*Aim of the exercise*: Once the line containing "Lenovo 5M11A37010 MECH_ASM" is found in the entries below, reproduce it and every line after it, stopping at and including the line containing "Draco Studios Kiwi Chow Down (KS Bundle)"; reproduce nothing else, and keep each line exact.

*Data shown*:

↓

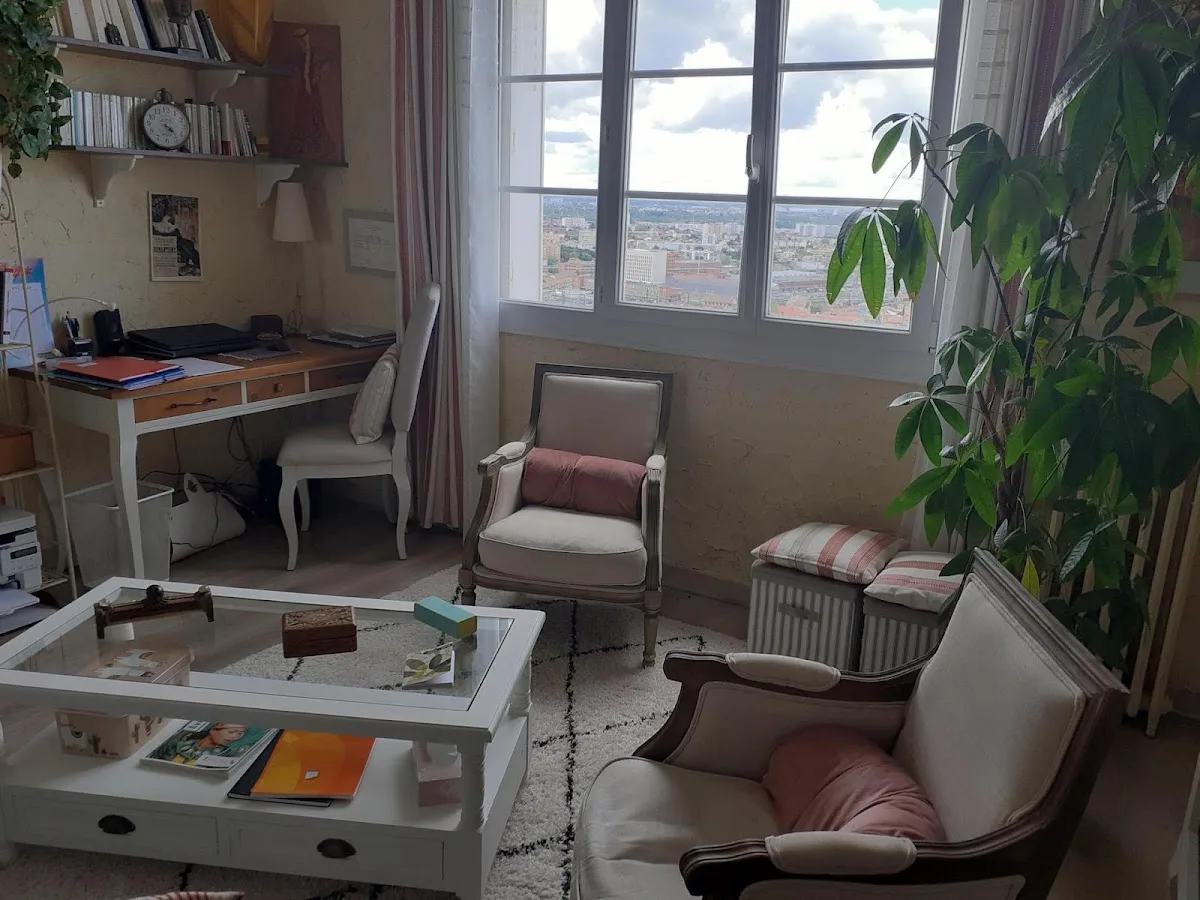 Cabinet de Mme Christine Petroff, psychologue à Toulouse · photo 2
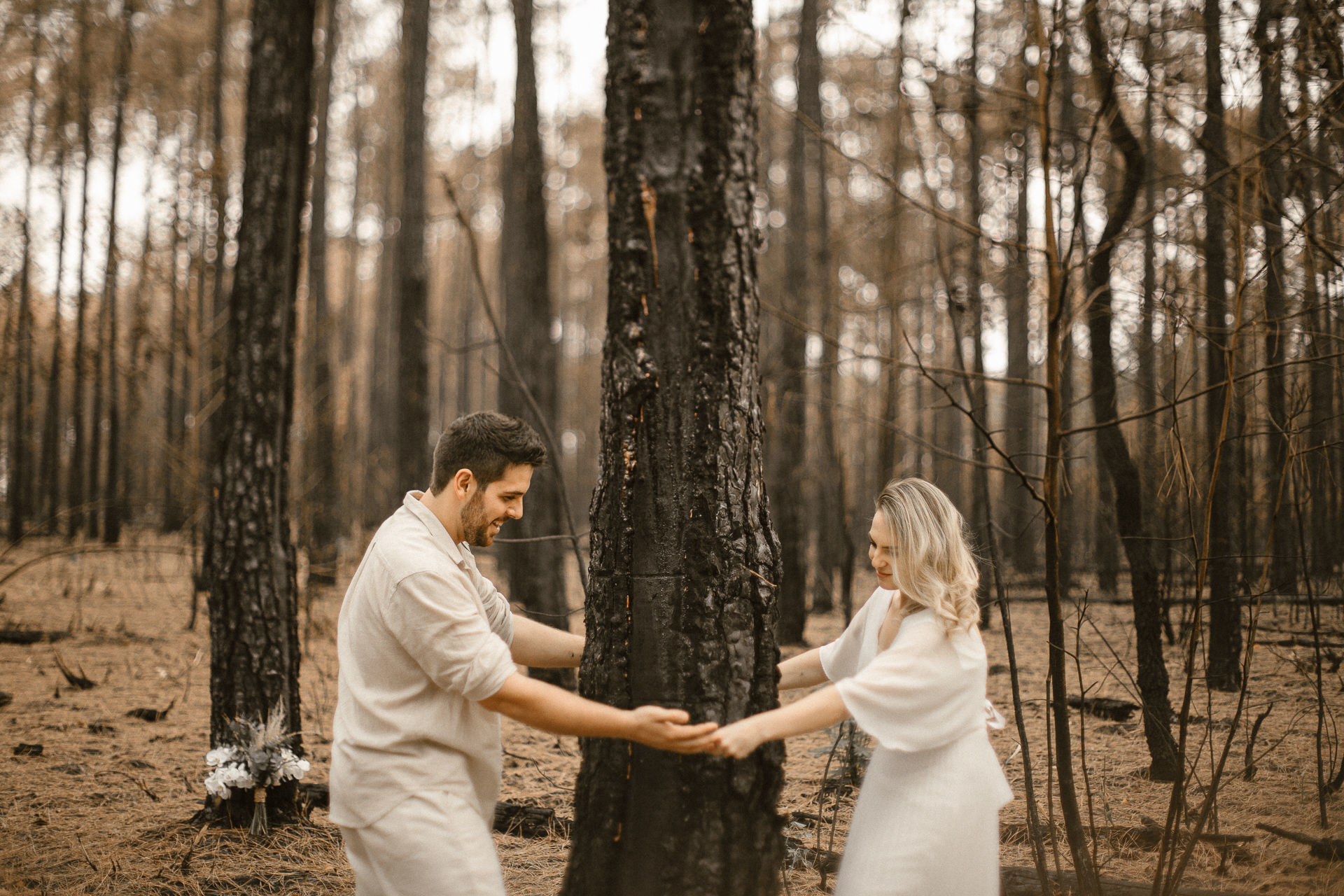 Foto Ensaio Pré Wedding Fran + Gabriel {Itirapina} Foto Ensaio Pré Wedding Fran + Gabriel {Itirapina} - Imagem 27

↑
↓

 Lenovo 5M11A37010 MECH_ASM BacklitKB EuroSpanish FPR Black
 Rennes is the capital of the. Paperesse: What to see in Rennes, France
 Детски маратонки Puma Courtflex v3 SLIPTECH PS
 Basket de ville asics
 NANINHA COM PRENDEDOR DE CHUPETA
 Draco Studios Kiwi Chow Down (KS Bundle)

↑

*Output*:
 Lenovo 5M11A37010 MECH_ASM BacklitKB EuroSpanish FPR Black
 Rennes is the capital of the. Paperesse: What to see in Rennes, France
 Детски маратонки Puma Courtflex v3 SLIPTECH PS
 Basket de ville asics
 NANINHA COM PRENDEDOR DE CHUPETA
 Draco Studios Kiwi Chow Down (KS Bundle)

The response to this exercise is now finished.